その結果、ZrO2−SiO2系は1020 ℃で焼成することによって、緻密化した焼結体を得た。ZrO2を30 mol%以下含有する組成で正方晶ZrO2が析出した透明体を得た。それを超える組成では完全に失透し、正方晶ZrO2、単斜晶ZrO2、ZrSiO4が析出した青色や黒色に着色した焼結体を得た。焼成過程で析出した正方晶ZrO2についてScherrer式により結晶子径を求めた結果、その大きさは20〜40 nmほどであることがわかった。また、その結晶子径はZrO2含有量が増加するに従い大きくなることがわかった。透明体では析出した結晶相が微結晶のために透明性を保ったと考えられる。一方、失透した試料は結晶量が多いこと、結晶相が複雑なこと、真空状態における結晶の酸素欠陥などが理由となり透明性を失うとともに着色したと考えられる。されに、種々の焼成温度における結晶析出挙動を調査した。その結果、750 ℃で結晶が析出し、温度上昇に伴い直線的に結晶子径が大きくなることがわかった。焼結が開始する温度とほぼ同時に結晶が析出するため、本作製法で完全なガラスを作製することは困難であると考えられる。

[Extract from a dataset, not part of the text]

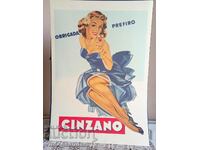 Cinzano original poster, perfect condition!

TiO2−SiO2系では、950 ℃で焼成をおこなうことで、緻密な焼結体を得た。5TiO2・95TiO2では結晶の析出が見られない透明なガラス、10 TiO2・90SiO2ではanataseTiO2の結晶が析出した青色がかった透明体を得た。10TiO2・90SiO2の着色原因は結晶の析出によりガラス構造中にTi3+が生成されたためと思われる。
両組成の析出した結晶相について、常圧焼成のゾル−ゲル法の研究と同様な結果であり、原料(sol−gel法)の特徴をそのまま反映していると考えられる。